El futuro escritor comprobó que este y el otro compañero se detenían ante la biblioteca de 40 o 50 volúmenes; que incluso, después de ojear alguno, se lo llevaban para leerlo en su casa. Puede que otro día los oyera expresar sus impresiones de la lectura. De nuevo el hechizo, la seducción emanada de una historia, los frutos deleitosos de la inventiva humana. Poco a poco se estableció una especie de competencia entre los alumnos, ya fuera por la cantidad de obras leídas, ya por su grosor. Daba prestigio haber podido con un tocho de 600 páginas o con todos los títulos de una fila. Durante un tiempo, la creciente afición a leer del futuro escritor se fundamentó en la rivalidad sostenida con José Félix, su mejor amigo. La lectura, sí, imponía la reclusión en silencio; pero aquel era un estado preparatorio para el encuentro posterior en que acontecían el intercambio de experiencias, la complicidad en los gustos compartidos y el debate.

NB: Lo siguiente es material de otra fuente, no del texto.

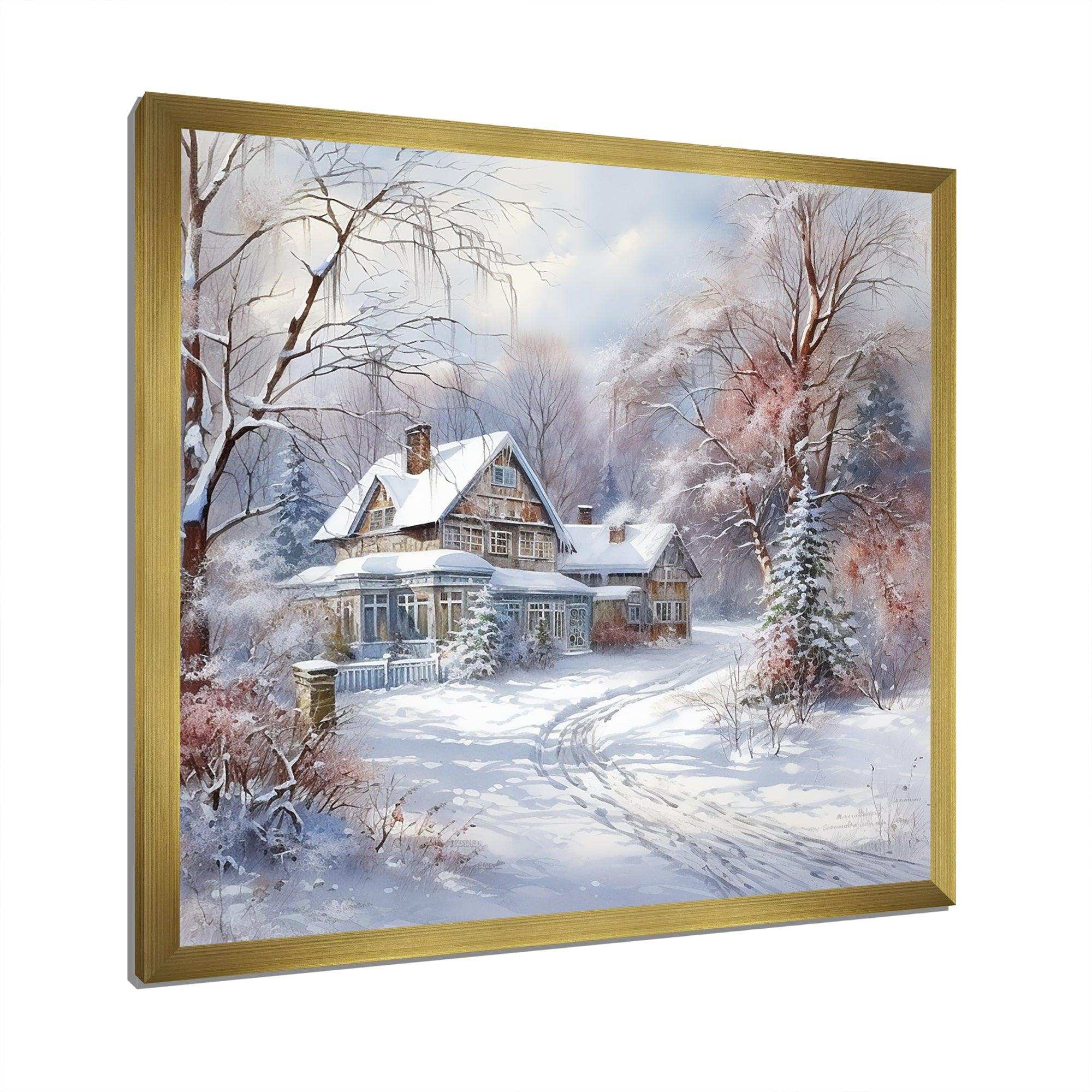 winter charm at country home - Landscapes Canvas Wall Art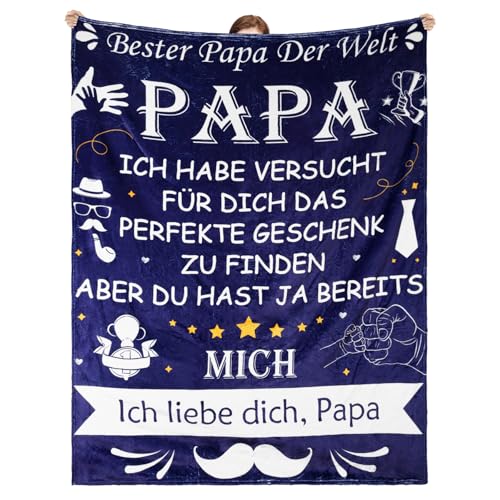 Vatertagsgeschenk für Papa von Tochter Sohn, Weiche Decke Die Besten Papa Geschenk zum Geburtstag Vatertag Weihnachten, Personalisierte Geschenke Decke 1.4 * 1.8 M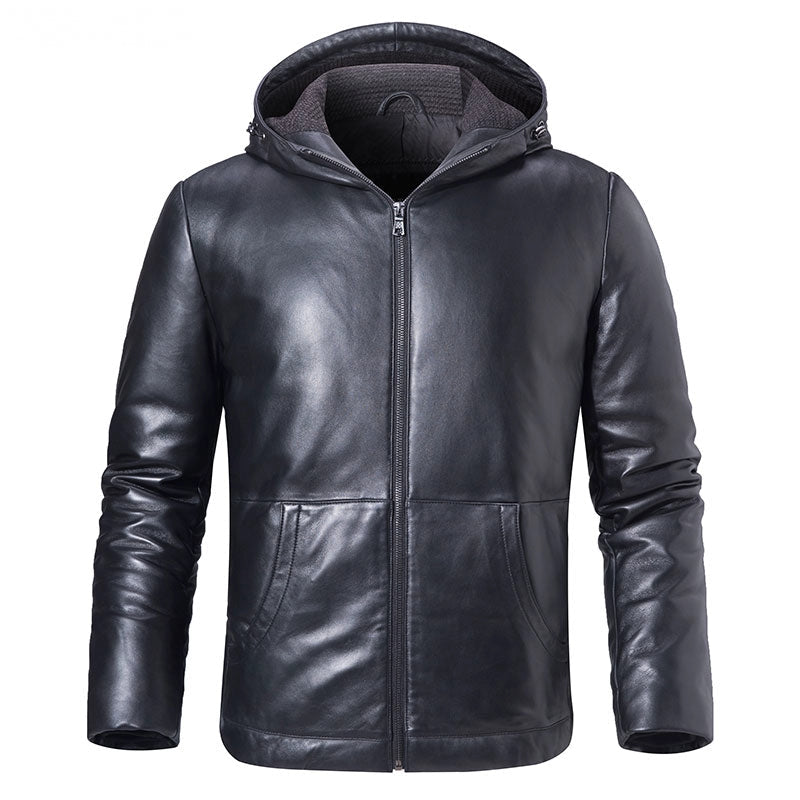 Men's Winter Genuine Leather Hooded Jacket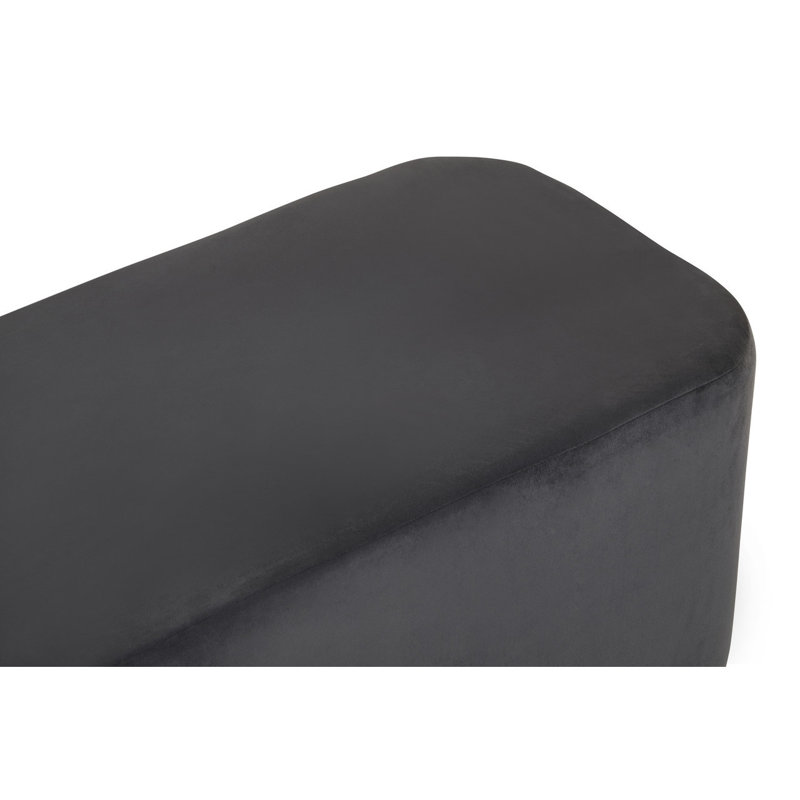 Anaelle Velvet Upholstered Bench, Grey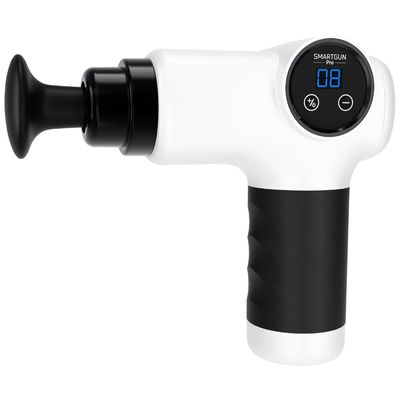 SPA SCIENCES - SmartGun Pro Therapeutic Deep Tissue Percussion Massager for Muscle Soreness with Interchangeable Heads and 8 Intensity Levels USB Rechargeable White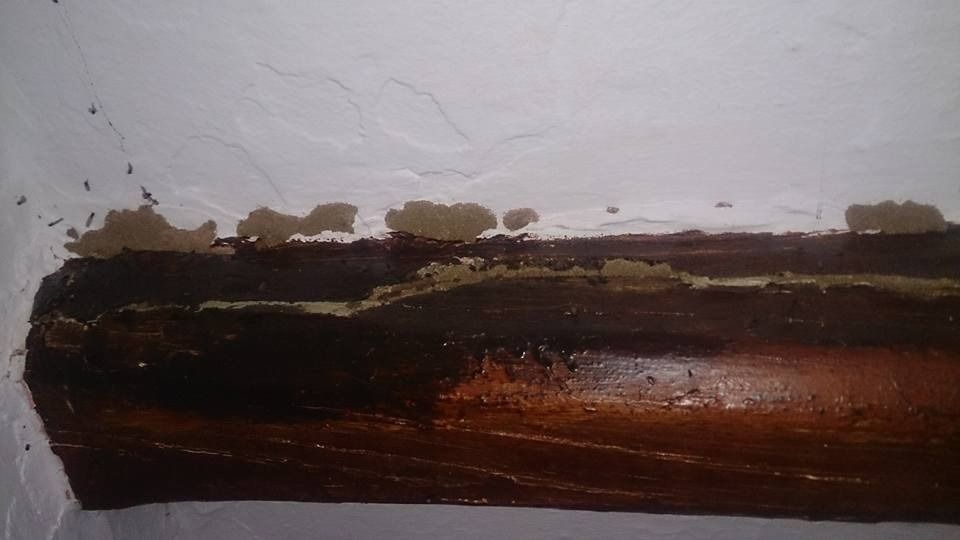 Moldura de madera marrón montada en una pared blanca, que muestra signos de daño, acabado descascarado y residuos secos a lo largo del borde superior.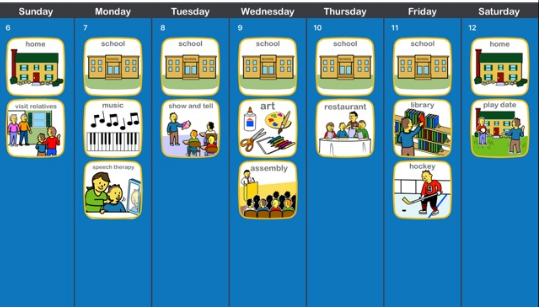 Agenda visual semanal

Don Pedro dejaba los finales en el aire a fin de espolear la curiosidad de los chavales y prestaba libros
Ya la periodista, terminada su tarea, se ha marchado y, con ella, el fotógrafo que la acompañaba. El escritor ha decidido retirarse un rato a su habitación del hotel antes de partir hacia la emisora de radio donde concederá la siguiente entrevista. En el ascensor le ha venido de golpe la respuesta adecuada a la pregunta sobre el influjo de sus primeras lecturas. Lo tienta apretar el botón de parada, volver a la planta baja y tratar de alcanzar a la periodista en la calle para decirle que ahora lo ha visto claro, que el poso mayor que le dejaron aquellas lejanas lecturas de adolescencia fue el aprendizaje de la paciencia. El cual, a su vez, aveza a los hombres al disciplinado arte de hacer productiva y gustosa la lentitud, antesala de la serenidad, que, como dijo no se sabe quién y, si no, lo dice el escritor, es premio del hombre sabio. El escritor lamenta que no se le haya ocurrido esto antes.
Días más tarde, de vuelta en casa, ha buscado los libros con los que empezó a formar su biblioteca. Hojea el Quijote, leído como deber escolar, sin entenderlo ni disfrutarlo, a la edad de 12 años. Abre las Rimas de Bécquer y halla en una de ellas un verso, ¿por qué razón?, subrayado. Y entre las páginas de Miguel Strogoff, dos sellos con la efigie de Franco. Y en el Viaje a la Alcarria, una lista de vocabulario: levantisco, rostral, signatario, renuente. Palabras que conferían al escritor, antes de serlo, en el trato con sus compañeros, un sutil poder. Palabras que no eran sólo palabras, sino munición de la sensibilidad y del intelecto para toda la vida.